Wear - salmon being thrown into the cages by the turbine blades (2)

A salmon being thrown into the cages by the turbine blades at Framwellgate weir

Fish Legal has written to the Environment Agency highlighting local anglers’ concerns about potential over-abstraction and design flaws in a hydro-electric scheme on the River Wear resulting in fish deaths at Framwellgate weir in Durham city centre.

Enclosed with the letter are photographs and videos showing fish caught in the turbine chamber being hurled and battered, despite the hydro-electric scheme receiving the full approval of the Environment Agency at the time of construction as being in line with its own guidelines on hydro-electric scheme design. The letter in particular highlights a lack of adequate fish screens.

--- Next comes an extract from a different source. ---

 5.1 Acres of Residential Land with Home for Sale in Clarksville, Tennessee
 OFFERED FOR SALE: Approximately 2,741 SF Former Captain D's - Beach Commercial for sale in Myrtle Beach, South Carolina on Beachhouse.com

In addition, Fish Legal has raised concerns that the Environment Agency does not measure the adequacy of the flows in the River Wear, from which the hydro-electric scheme takes water to generate power, next to the hydro-electric scheme in Durham but instead takes measurements at Chester-le-Street some five miles or so downstream, where flow is enhanced by a number of tributaries. This casts great doubt over the accuracy of monitoring the sustainability of operation of the scheme at times of low flow. In addition, a gauge-board, designs of which were included in the licence conditions to show the public the river levels adjacent to the scheme, has not been installed.

Video footage compiled over two days showing
trapped salmon

Geoff Hardy, Solicitor for Fish Legal, said:
“We consider there are some big questions about why this hydro-electric scheme is allowed to continue operating when it is damaging salmon and sea trout and licence conditions have not been met.

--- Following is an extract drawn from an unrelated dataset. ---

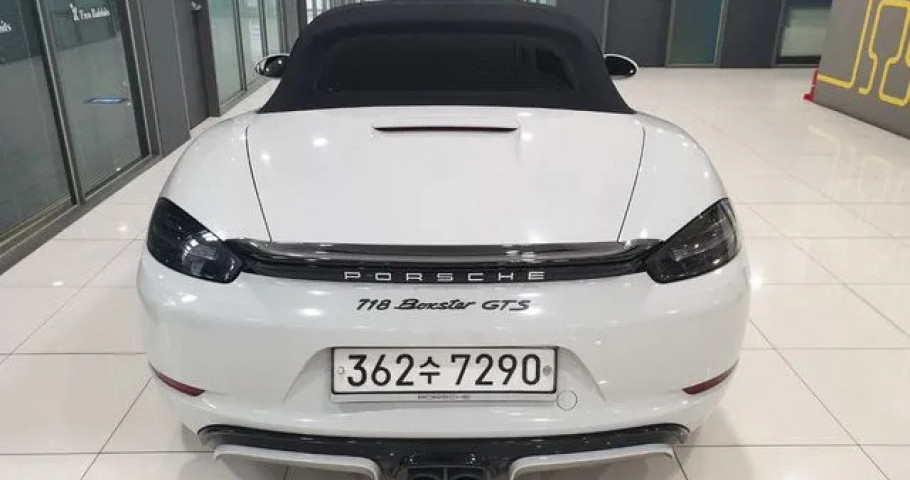 Porsche 718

"Our letter to the Environment Agency makes it clear that we expect answers and modifications to the way the hydro is monitored and operated. At the moment, as video footage that we have provided to the Environment Agency shows, salmon and sea trout are being damaged and killed as they travel upstream and downstream of the generating equipment.”

The Wear Anglers Association (WAA) represents several clubs who are Fish Legal members. One of their spokesmen explained: “Following an invitation by the Environment Agency, members of the WAA visited the hydro scheme and identified areas of concern. Unfortunately, those concerns were dismissed or not followed up.

"One of our concerns was that the gaps between the bars on the screens that should protect migratory fish from entering the Archimedes screw are too wide to prevent migratory fish accessing the turbine. This concern has now been realised with video footage showing salmon and sea trout trapped in the hydro scheme chamber, resulting in damage and mortalities. We believe this could and should have been avoided had the EA sat down with the WAA and listened more and corrected this problem.”

He continued: “The WAA are very disheartened to see the needless mortalities of salmon and sea trout by the hydro scheme at Durham. We are in principle not opposed to hydro power but we would question whether hydro should be installed in a major salmon and sea trout river such as the Wear.”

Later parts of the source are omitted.